Try it.
Required from the data below: the exact lines starting at the line containing "442 Cartecay River" and ending at the line containing "a man standing", with both ends kept and all pictures dropped.

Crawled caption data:
--------------------------------------------------

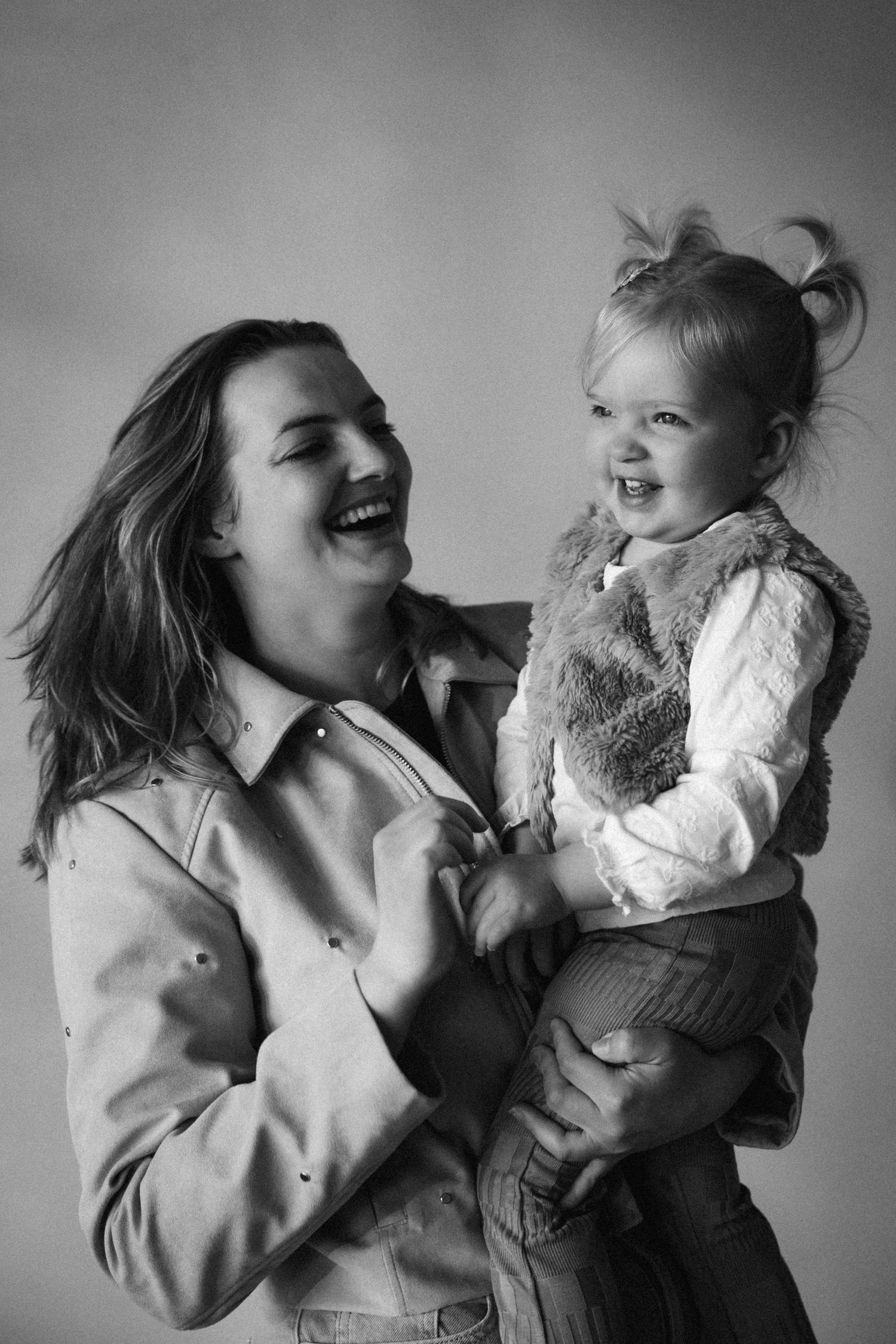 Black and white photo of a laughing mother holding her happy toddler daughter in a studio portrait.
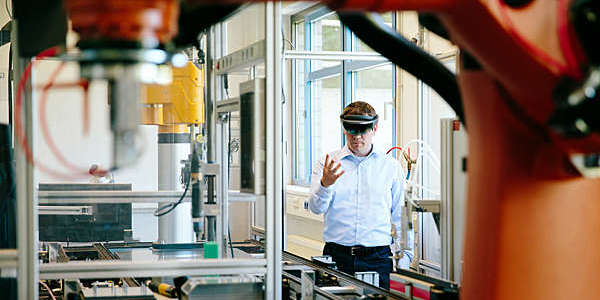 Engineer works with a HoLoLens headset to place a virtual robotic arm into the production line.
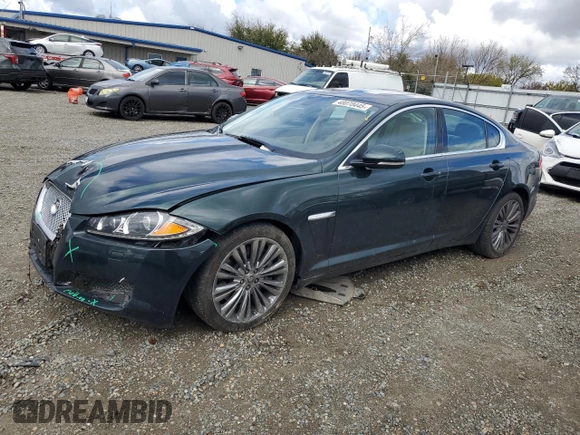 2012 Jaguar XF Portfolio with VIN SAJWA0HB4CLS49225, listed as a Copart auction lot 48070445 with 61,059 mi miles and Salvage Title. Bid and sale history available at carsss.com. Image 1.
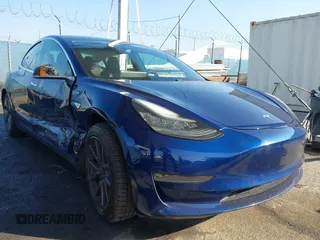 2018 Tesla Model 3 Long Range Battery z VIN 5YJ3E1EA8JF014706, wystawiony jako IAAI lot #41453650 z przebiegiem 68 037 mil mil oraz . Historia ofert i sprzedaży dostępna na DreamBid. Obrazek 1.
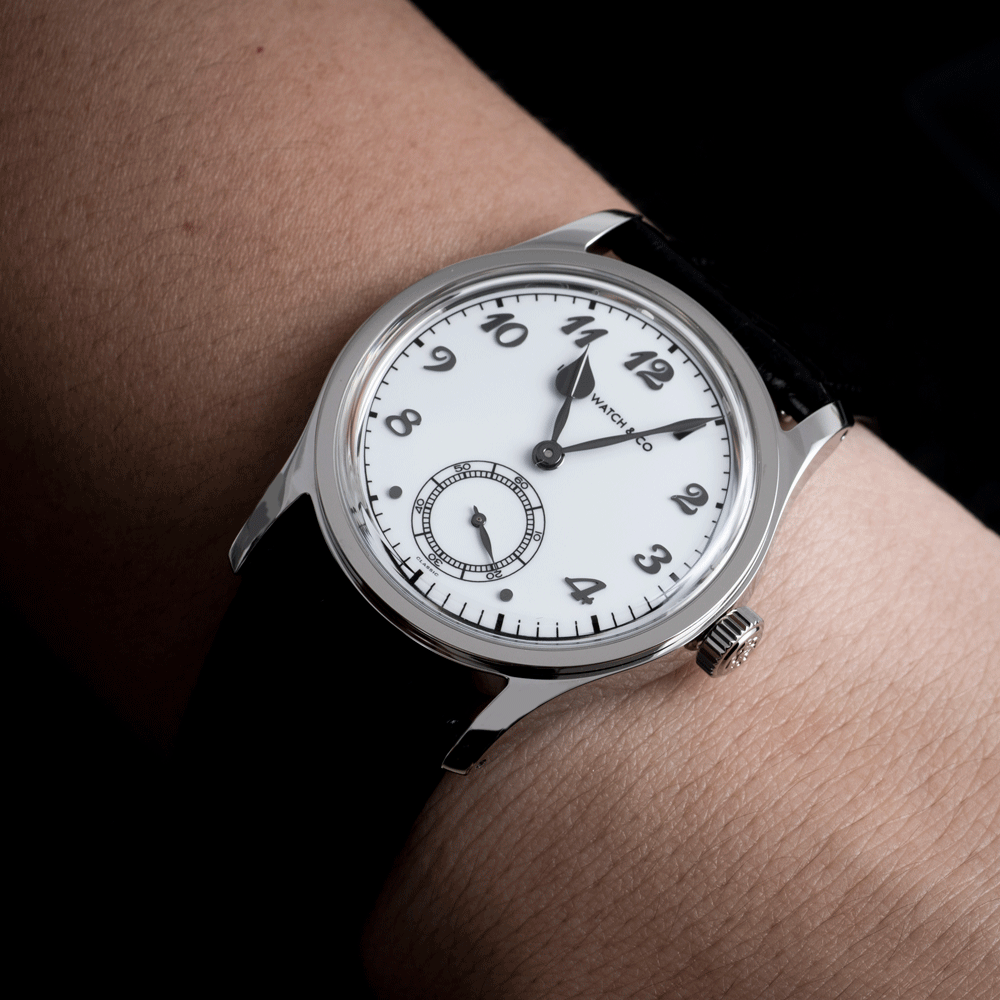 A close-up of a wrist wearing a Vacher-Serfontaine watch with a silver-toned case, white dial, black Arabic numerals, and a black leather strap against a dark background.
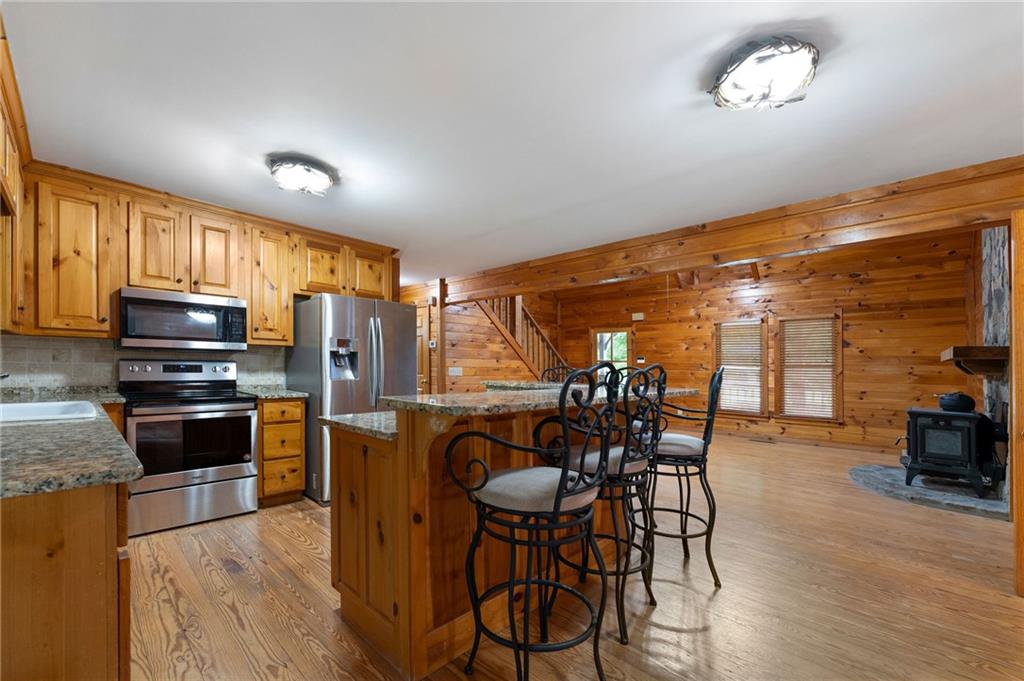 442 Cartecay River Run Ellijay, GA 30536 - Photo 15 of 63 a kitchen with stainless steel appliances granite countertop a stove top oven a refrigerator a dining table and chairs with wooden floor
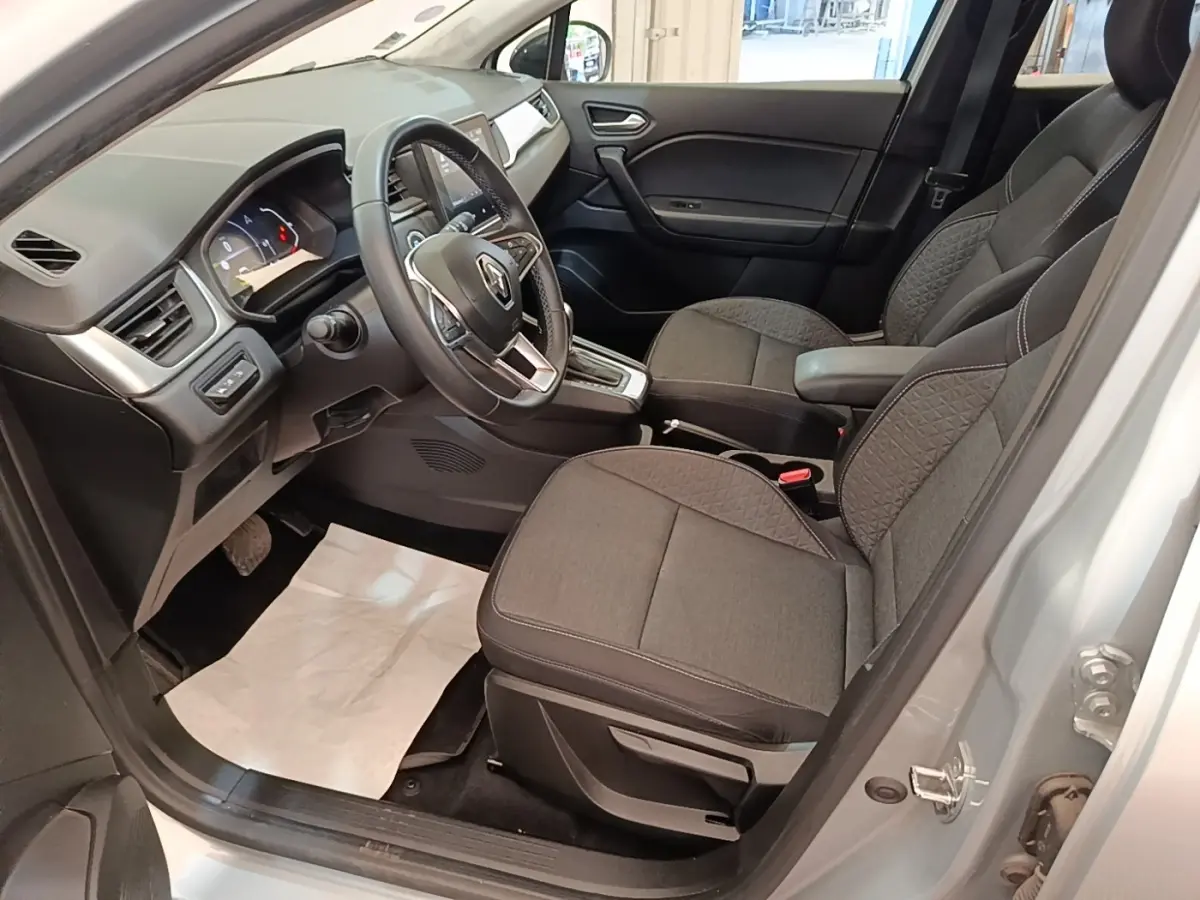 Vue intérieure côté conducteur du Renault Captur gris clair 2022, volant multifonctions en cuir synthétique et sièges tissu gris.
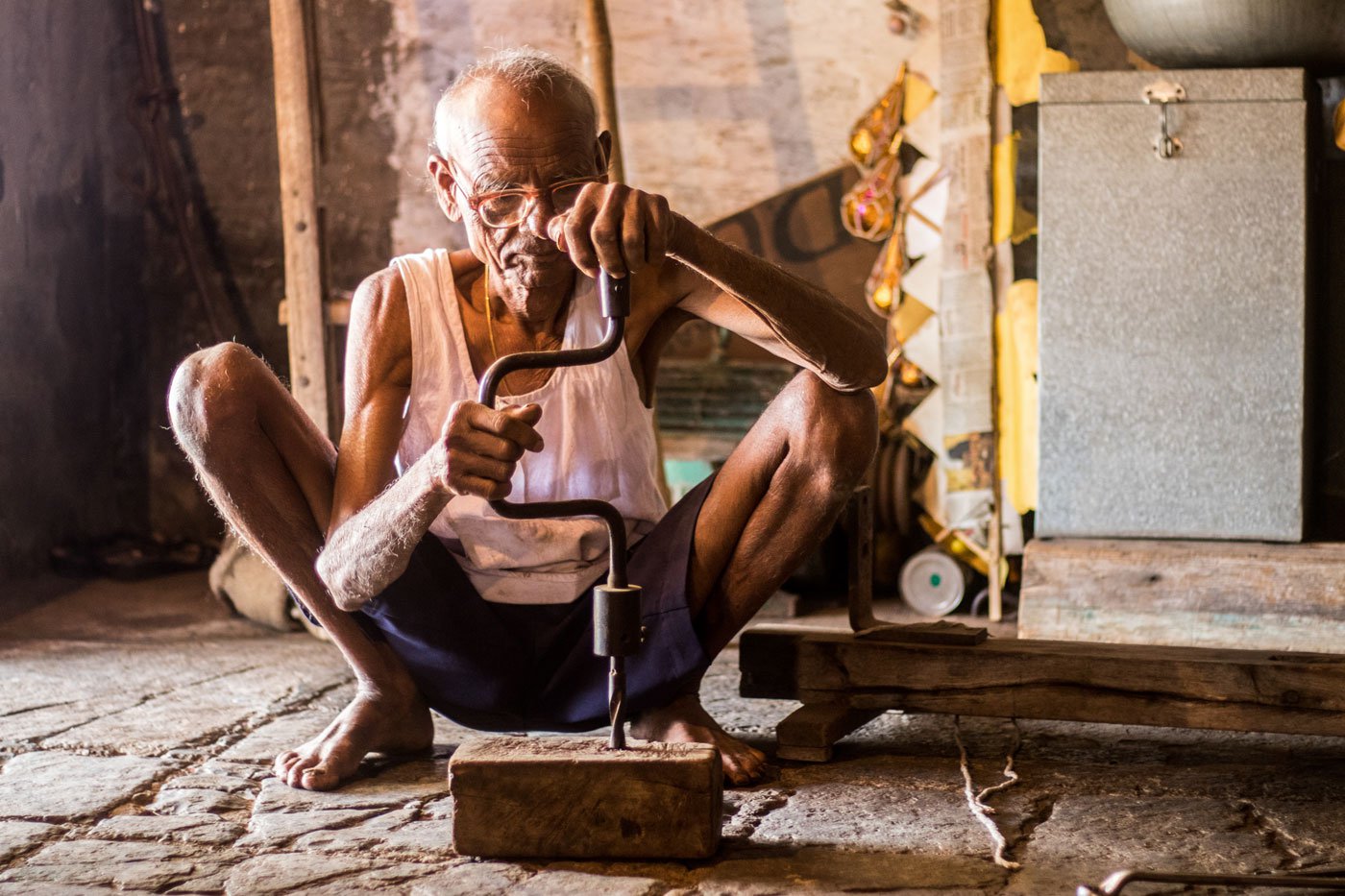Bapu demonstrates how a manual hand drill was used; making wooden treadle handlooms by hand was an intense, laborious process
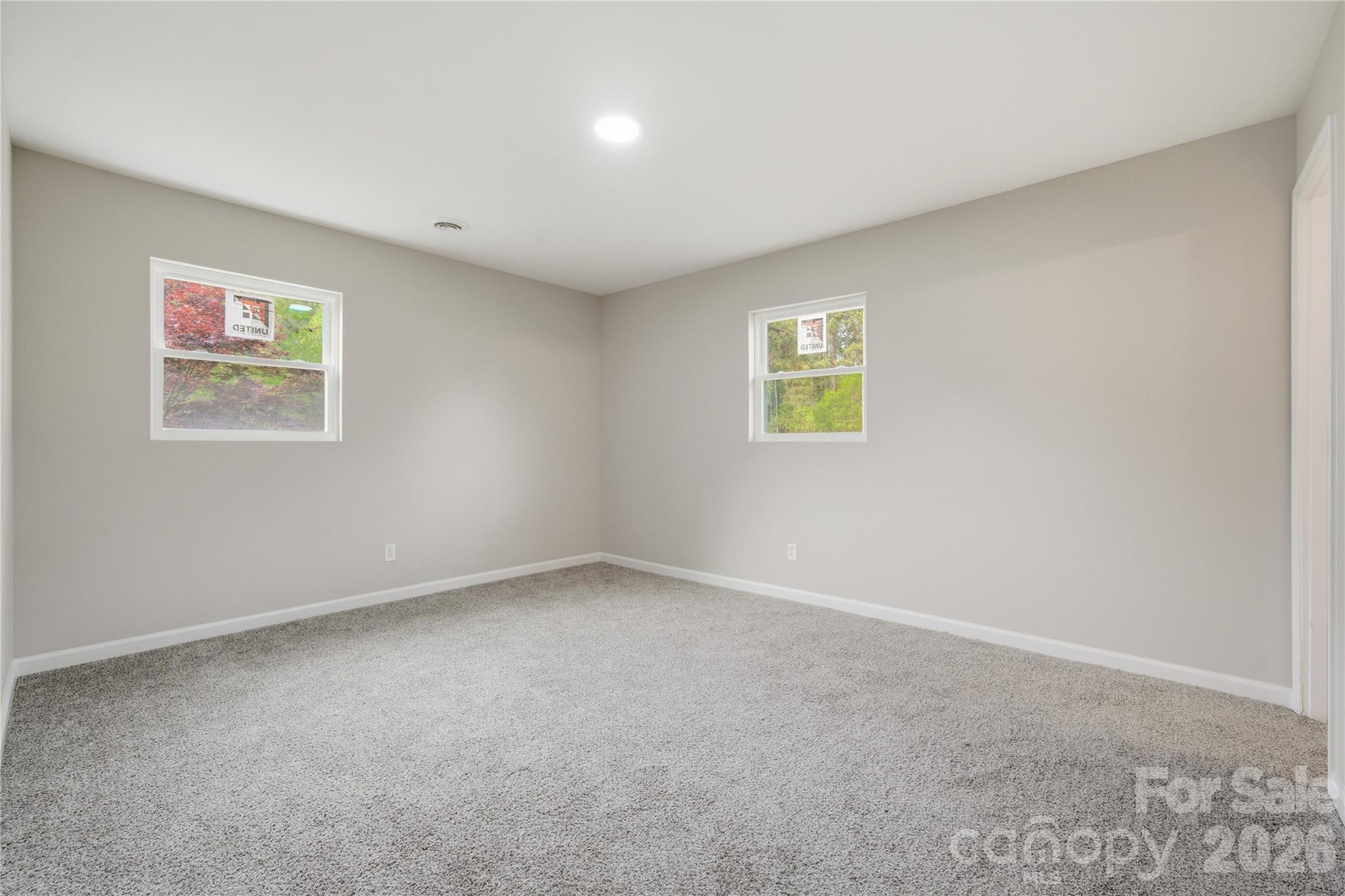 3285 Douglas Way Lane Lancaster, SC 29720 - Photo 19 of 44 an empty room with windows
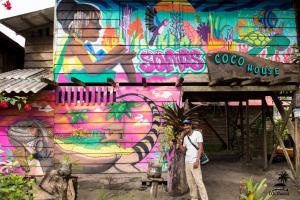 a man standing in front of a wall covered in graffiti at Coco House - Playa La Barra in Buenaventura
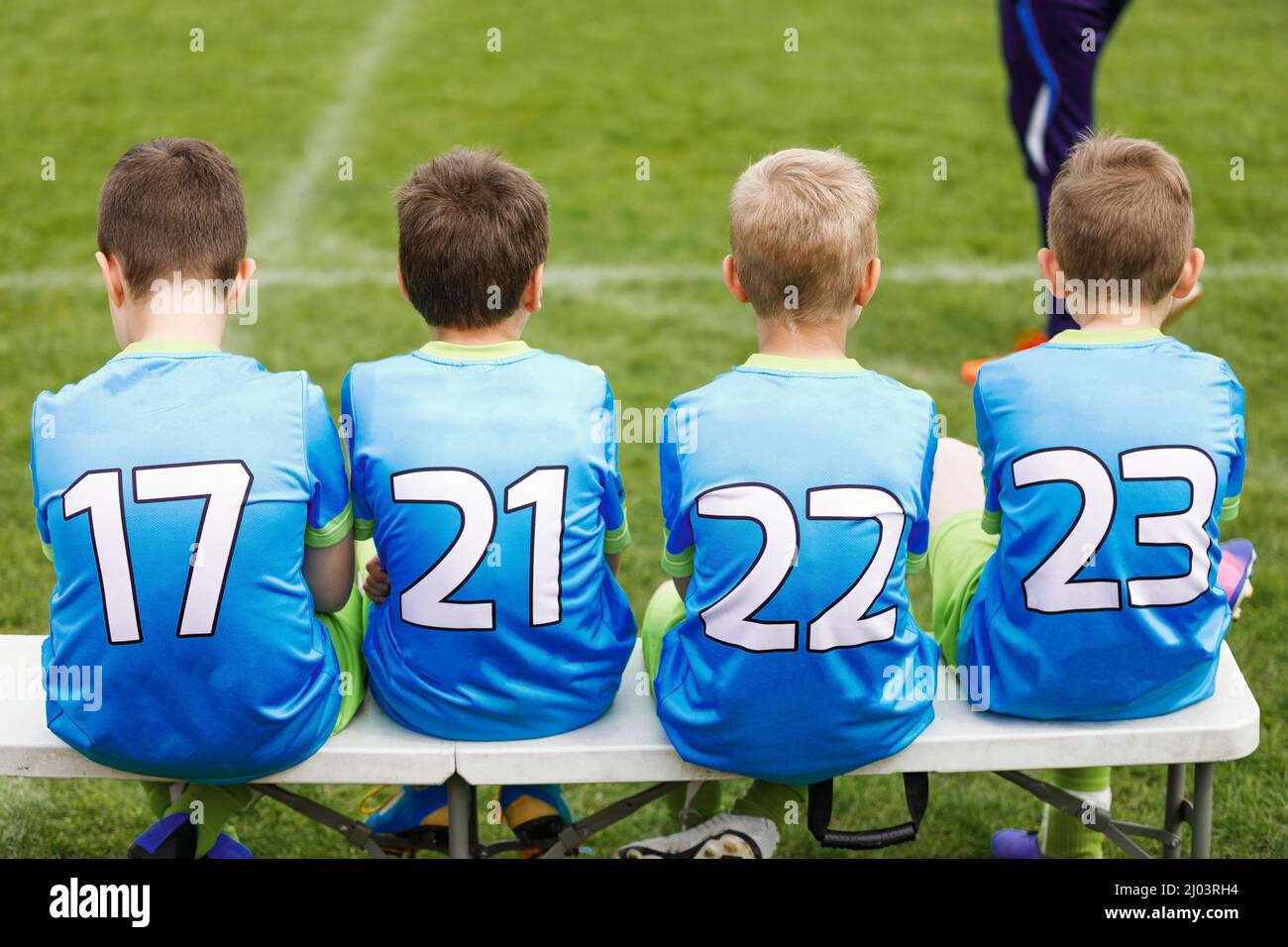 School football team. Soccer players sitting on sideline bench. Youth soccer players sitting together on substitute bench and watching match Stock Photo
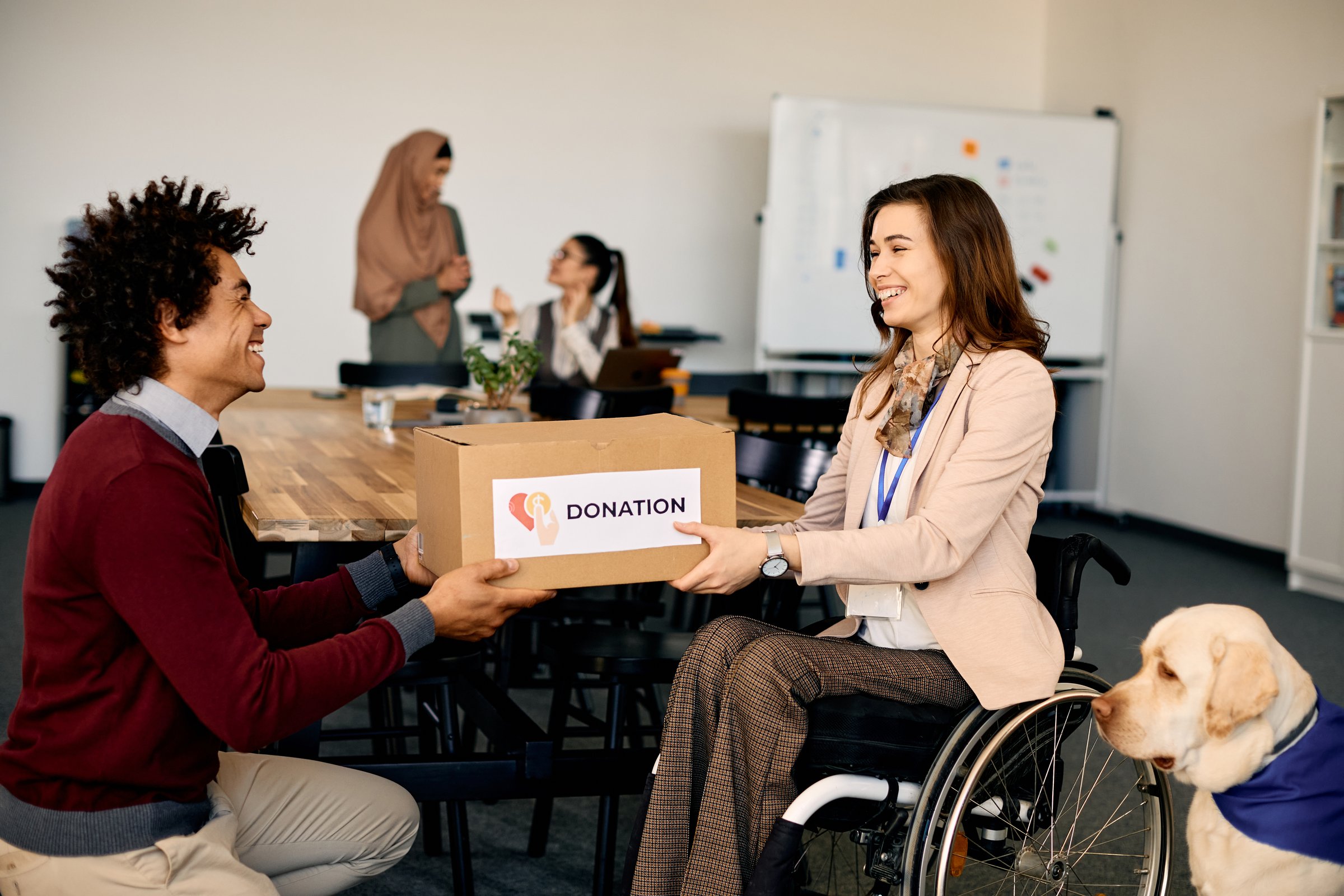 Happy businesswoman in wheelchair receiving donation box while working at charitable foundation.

--------------------------------------------------

Exercise response.
 442 Cartecay River Run Ellijay, GA 30536 - Photo 15 of 63 a kitchen with stainless steel appliances granite countertop a stove top oven a refrigerator a dining table and chairs with wooden floor
 Vue intérieure côté conducteur du Renault Captur gris clair 2022, volant multifonctions en cuir synthétique et sièges tissu gris.
Bapu demonstrates how a manual hand drill was used; making wooden treadle handlooms by hand was an intense, laborious process
 3285 Douglas Way Lane Lancaster, SC 29720 - Photo 19 of 44 an empty room with windows
 a man standing in front of a wall covered in graffiti at Coco House - Playa La Barra in Buenaventura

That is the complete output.